+++ Exercise data +++

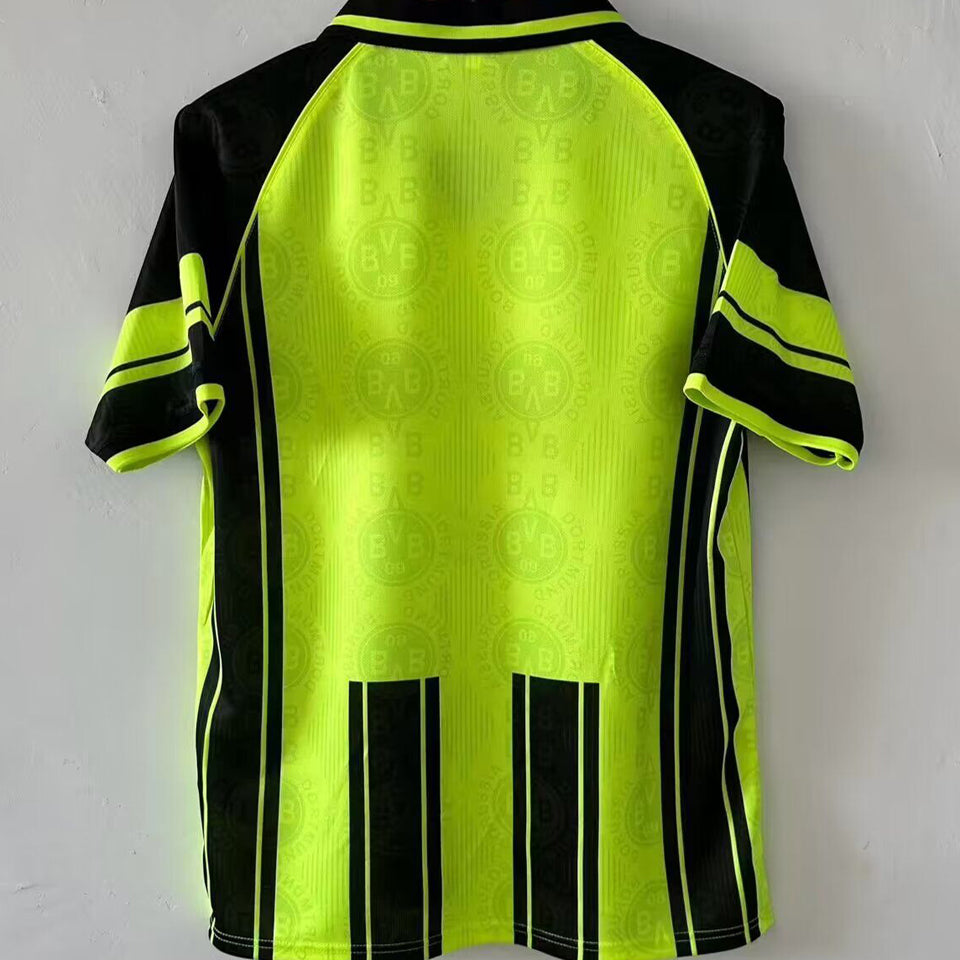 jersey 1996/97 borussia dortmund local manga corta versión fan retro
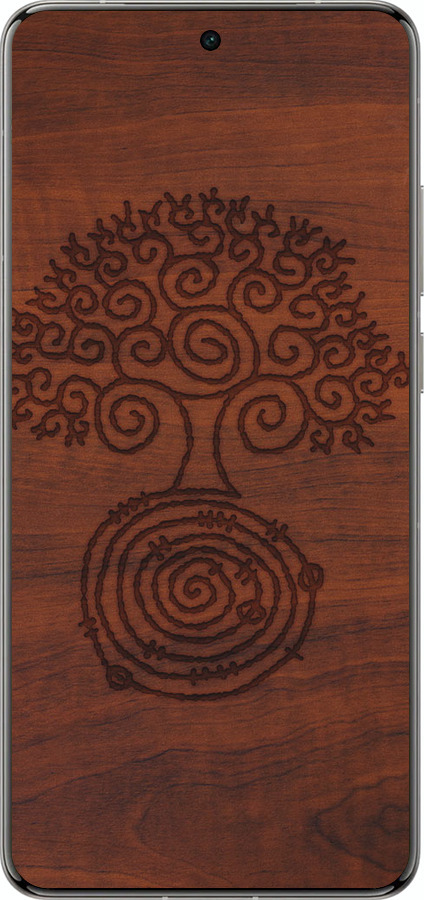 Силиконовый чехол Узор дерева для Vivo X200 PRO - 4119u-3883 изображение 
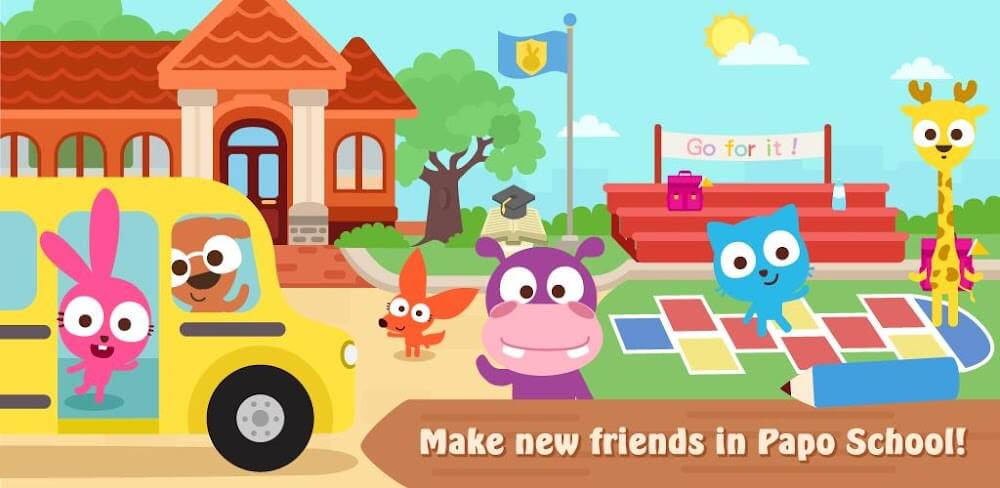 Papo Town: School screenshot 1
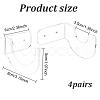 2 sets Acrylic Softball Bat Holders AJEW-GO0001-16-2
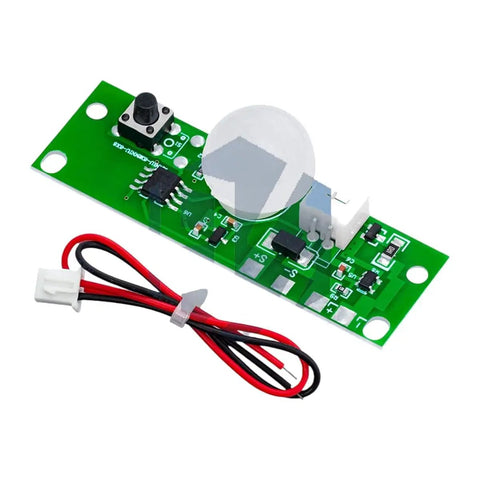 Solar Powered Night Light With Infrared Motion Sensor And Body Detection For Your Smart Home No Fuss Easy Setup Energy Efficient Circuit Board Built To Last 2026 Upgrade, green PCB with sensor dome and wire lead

+++

# Aim of the task
Return exactly, with no pictures, each line from the one that contains "Papo Town: School screenshot 1" through the end of the entries above, both ends included.

# Output of the task
 Papo Town: School screenshot 1
 2 sets Acrylic Softball Bat Holders AJEW-GO0001-16-2
 Solar Powered Night Light With Infrared Motion Sensor And Body Detection For Your Smart Home No Fuss Easy Setup Energy Efficient Circuit Board Built To Last 2026 Upgrade, green PCB with sensor dome and wire lead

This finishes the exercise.